"We show that the rate of ocean warming from 1961 to 2003 is about 50 percent larger than previously reported," said team member Catia Domingues, from the Centre for Australian Weather and Climate Research.
Water also expands the warmer it becomes, pushing up sea levels, in addition from run-off from melting glaciers and ice sheets in Greenland and parts of Antarctica.
Church said the global average surface warming between 1961 to 2003 was about 0.4 degrees Celsius according to his team's estimates and that seas rose on average 1.6 millimeters a year during this period.
RISING SEAS
But Church said that since 1993, sea levels had been rising more than 3 mm a year as the world consumes ever greater amounts of fossil fuels.

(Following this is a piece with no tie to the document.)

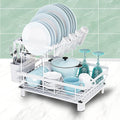 GAXmi Dish Drying Rack Over The Sink Drainer with Drainboard Utensil Holder Cup Holder, 2-Tier White-Ruum Studio Home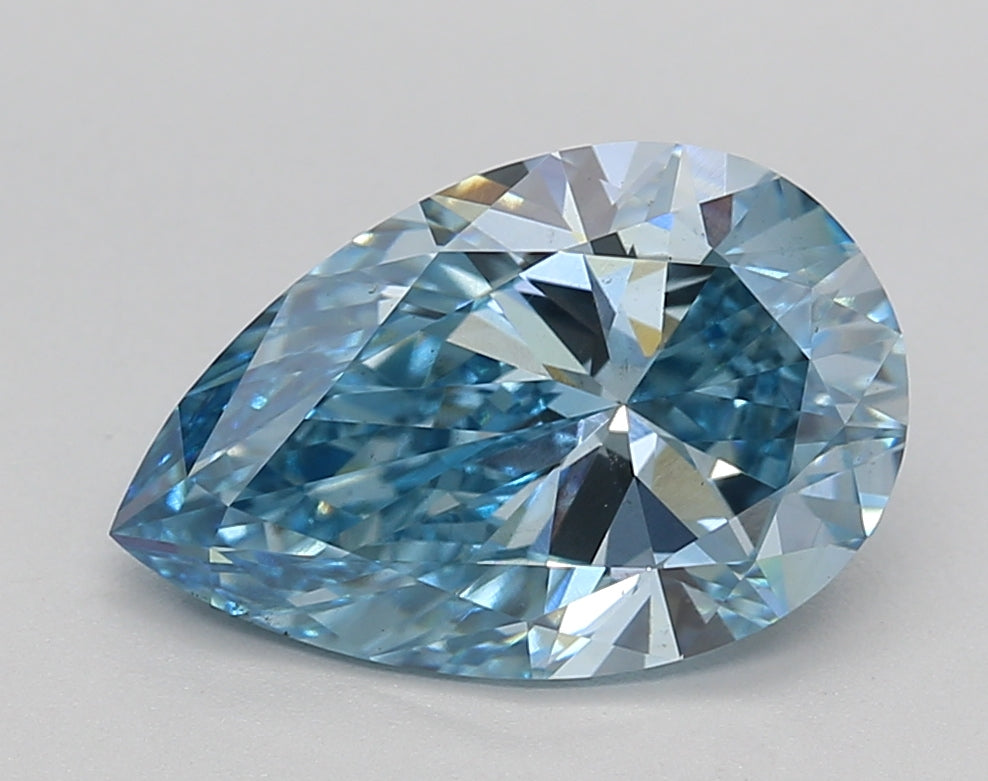 IGI Certified 2.86 CT Pear Cut Lab-Grown Diamond, Fancy Vivid Blue Color, VS2 Clarity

XBTs were widely used by commercial vessels but have since been largely replaced by satellites and permanent probes in the ocean. The disposable XBTs were thrown over the side with a wire attached to measure temperatures as it sank.
"If you miscalculate how quickly the instrument falls through the water column, you miscalculate the depth and therefore the temperature at that depth and that's the prime source of error," said Church.

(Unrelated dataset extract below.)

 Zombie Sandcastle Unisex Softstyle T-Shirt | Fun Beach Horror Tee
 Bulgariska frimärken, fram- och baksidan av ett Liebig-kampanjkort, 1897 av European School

So a colleague, Susan Wijffels and other associates, figured out a mathematical formula to correct the error.
That, combined with a wider statistical analysis of global ocean temperature data, revealed a clearer picture that better matched widely used computer models that project how the climate and oceans behave because of global warming.
"Now we see a more steady rate of warming and an increased trend in that warming," Church told Reuters.
"It builds confidence in the models that we use for projecting the future," adding that observations also indicated that the actual sea level rise was tracking on the upper end of those projections.
The U.N. Climate Panel's latest global assessment last year estimated sea levels could rise by up to 80 cm by the end of 2100 unless carbon dioxide levels were reined in.
I am sure these estimates will rise in the near future as the Arctic continues to melt away at record rates!